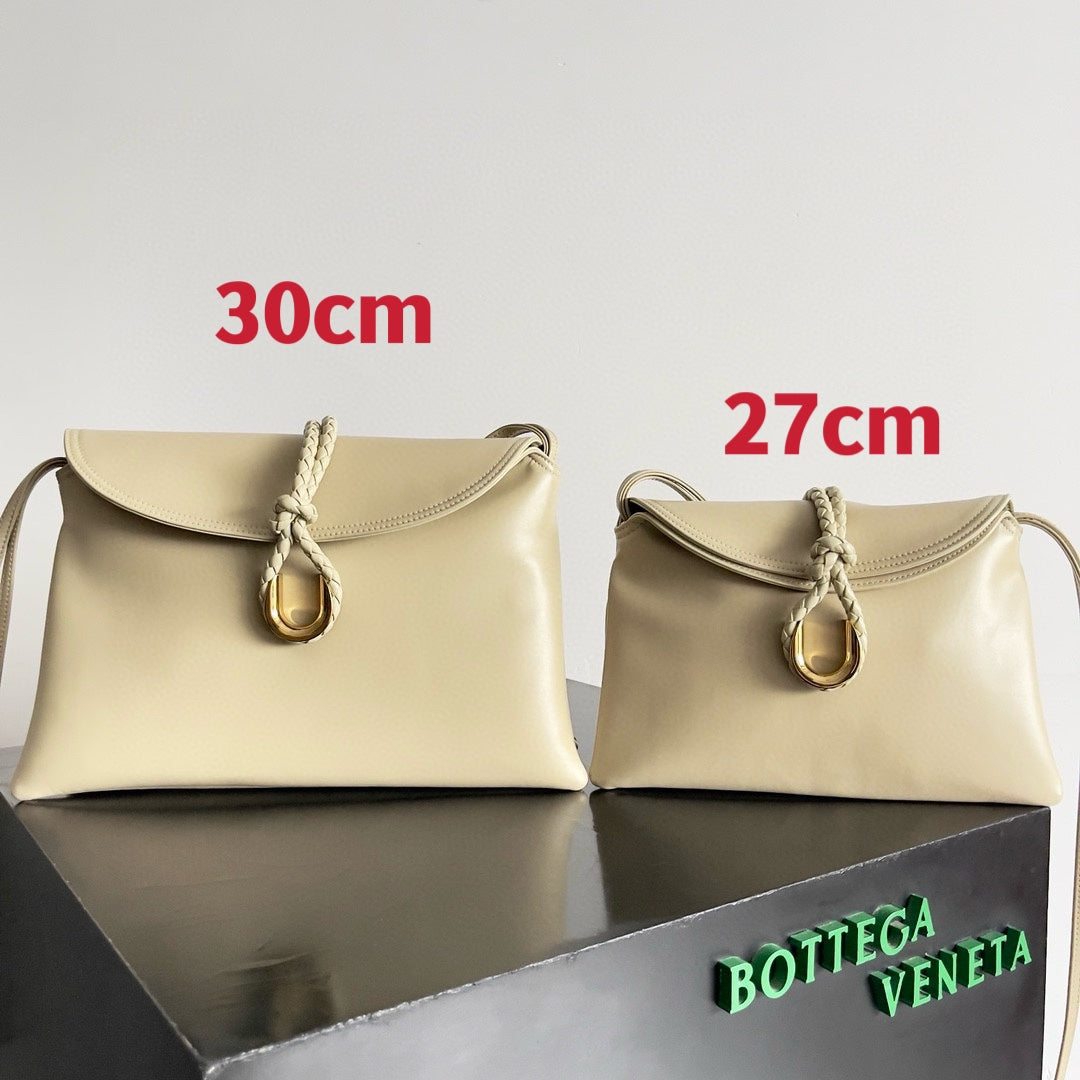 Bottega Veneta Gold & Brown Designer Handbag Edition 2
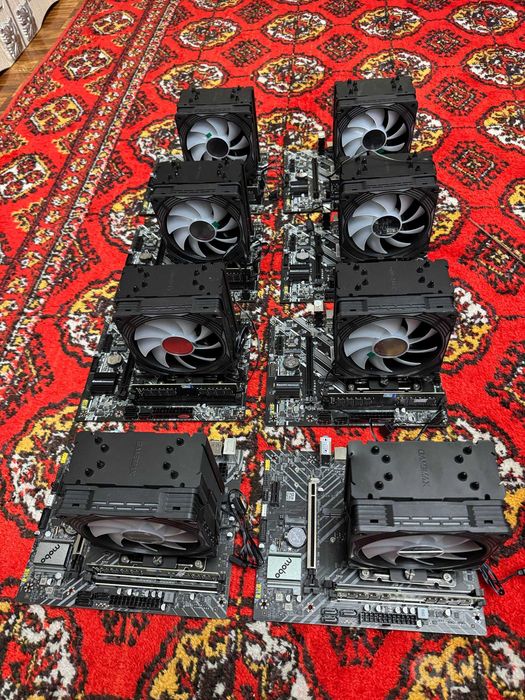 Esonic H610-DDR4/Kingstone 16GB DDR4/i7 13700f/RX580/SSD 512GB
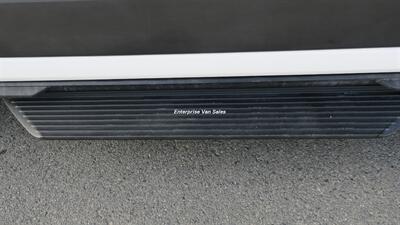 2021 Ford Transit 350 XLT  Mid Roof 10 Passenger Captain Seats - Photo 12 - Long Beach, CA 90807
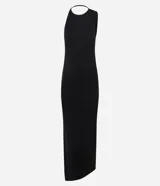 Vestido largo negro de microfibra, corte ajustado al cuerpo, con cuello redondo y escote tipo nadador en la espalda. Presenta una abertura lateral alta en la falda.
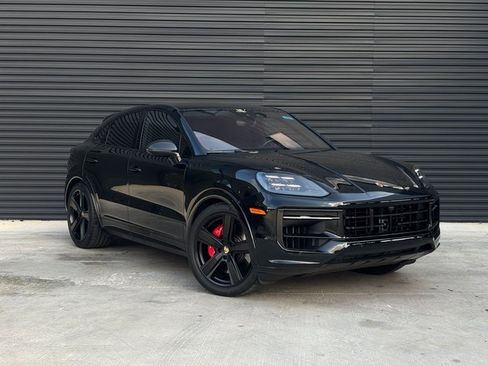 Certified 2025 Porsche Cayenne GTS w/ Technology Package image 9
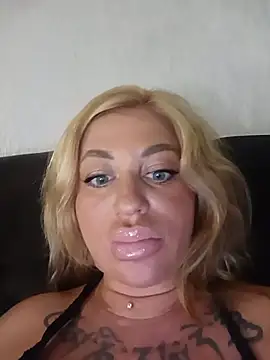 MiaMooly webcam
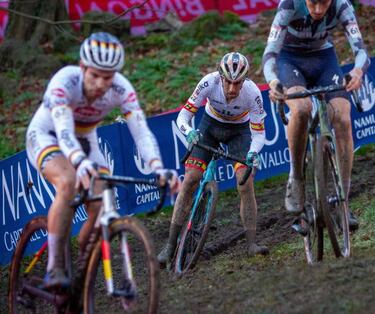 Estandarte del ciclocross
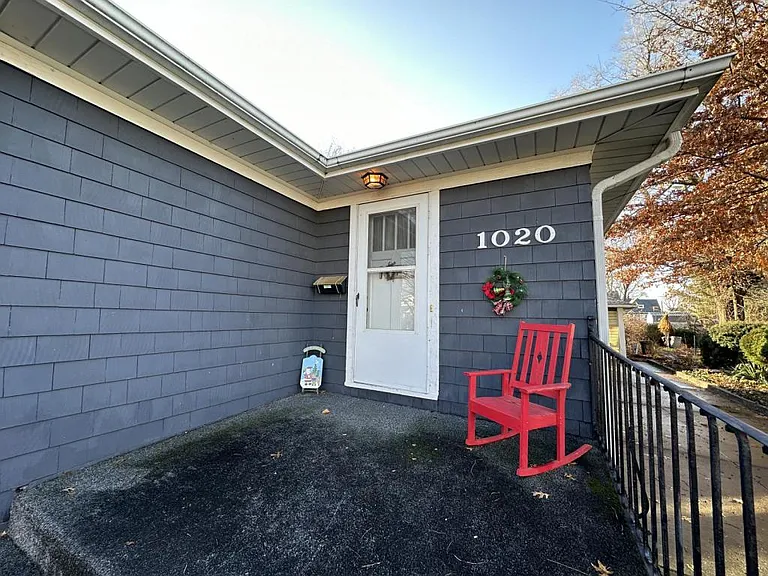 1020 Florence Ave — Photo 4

● Task: Copy the records above exactly. Do not carry any picture into the copy.

● Reply:
 Bottega Veneta Gold & Brown Designer Handbag Edition 2
 Esonic H610-DDR4/Kingstone 16GB DDR4/i7 13700f/RX580/SSD 512GB
 2021 Ford Transit 350 XLT  Mid Roof 10 Passenger Captain Seats - Photo 12 - Long Beach, CA 90807
 Vestido largo negro de microfibra, corte ajustado al cuerpo, con cuello redondo y escote tipo nadador en la espalda. Presenta una abertura lateral alta en la falda.
 Certified 2025 Porsche Cayenne GTS w/ Technology Package image 9
 MiaMooly webcam
 Estandarte del ciclocross
 1020 Florence Ave — Photo 4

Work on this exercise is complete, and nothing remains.